Lagerloef, who shares his insights into this question in an upcoming lecture, viewed religion with skepticism for two and a half decades.
After what he calls a “conventional Christian upbringing” in a Congregational church setting, Lagerloef spent his middle years focused on family and professional research.
The birth of their children led his wife to become more active in the Episcopal Church and Lagerloef followed.
But he did not revisit the question of his own faith, Lagerloef says, until about six years ago, when he began to come to grips with tragedies that had occurred decades earlier.
“It’s been that process that has opened me to the notion of faith,” Lagerloef said, “grieving those early losses.”
Blending science with his developing religious belief has not been simple, said Lagerloef. The cognitive dissonance created by trying to hold to religious and scientific paradigms simultaneously is exacerbated, Lagerloef says, by the misapplication of scientific method to the question of faith itself.
“You can’t apply scientific principles to faith,” Lagerloef said. “They just don’t work there. Science works on the system of proof and evidence – and faith requires believing something without proof.”
Lagerloef became interested in integrating what has been learned about cosmology and the structure of the universe into his personal faith system.
Lagerloef read Stephen Jay Gould’s “Rocks of Ages,” an argument for letting religion and science stand side by side, and found it worthwhile – but not quite on the mark.
“He equates religion with ethics and moral character,” Lagerloef said, “but what’s missing is a personal relationship with God.”
Lagerloef believes faith comes down to a choice each person must make.
“Do you believe in a Creator or not?
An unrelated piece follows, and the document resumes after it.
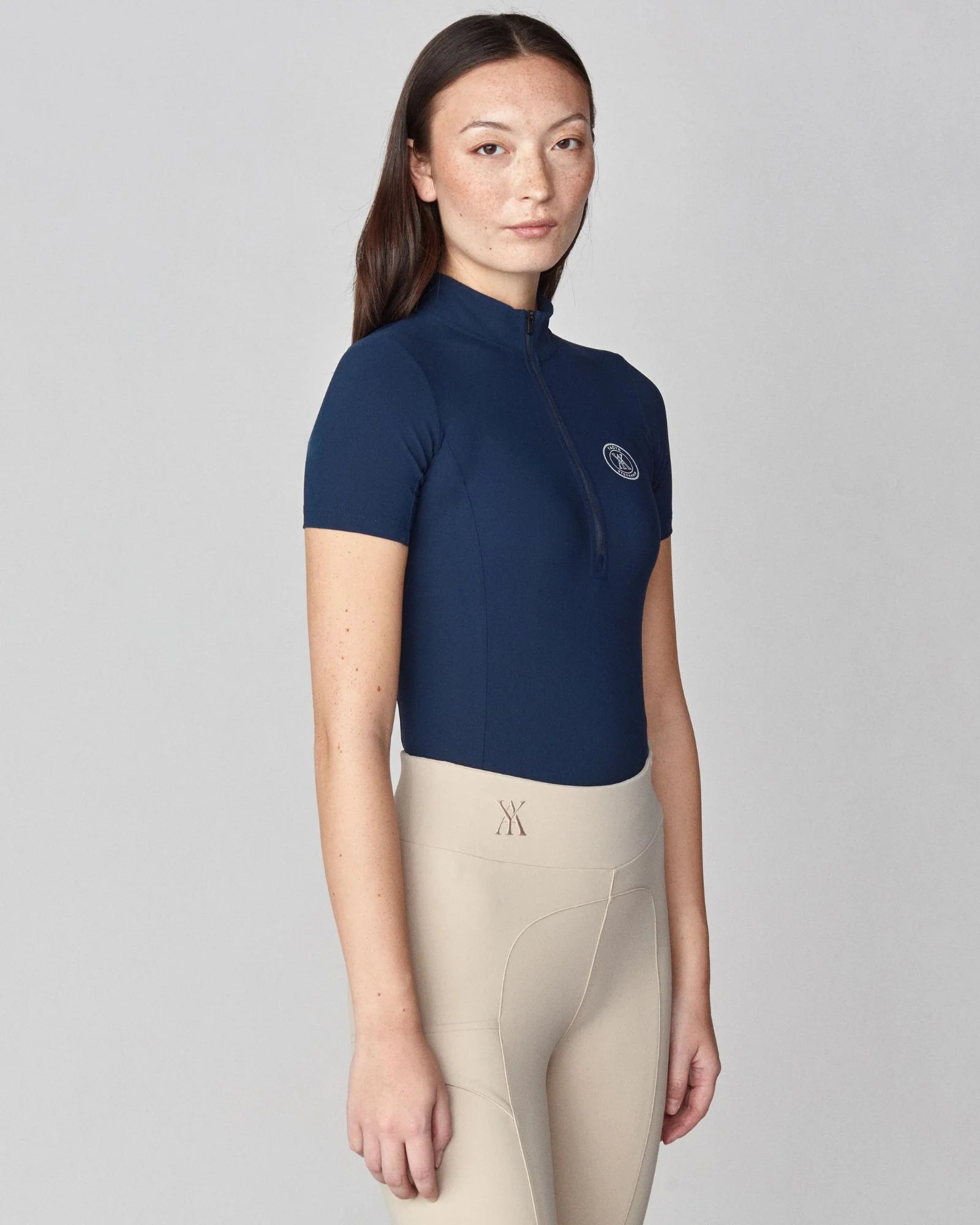 Half Zip Short Sleeve Navy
One way to live in the world is to live with that belief – or you can live without it.”
Living with faith, for Lagerloef, means that he views his scientific work in the context of belief.
“I see the natural world as its own form of revelation,” Lagerloef said, “and understanding the natural world is a form of revelation.”
Lagerloef’s journey into faith has been a personal odyssey that may apply to others.
“I would hesitate to say that I am speaking from a Christian perspective,” Lagerloef said, “but more from a personal perspective.
“However, I know that reconciling science and faith is a dilemma for many people.”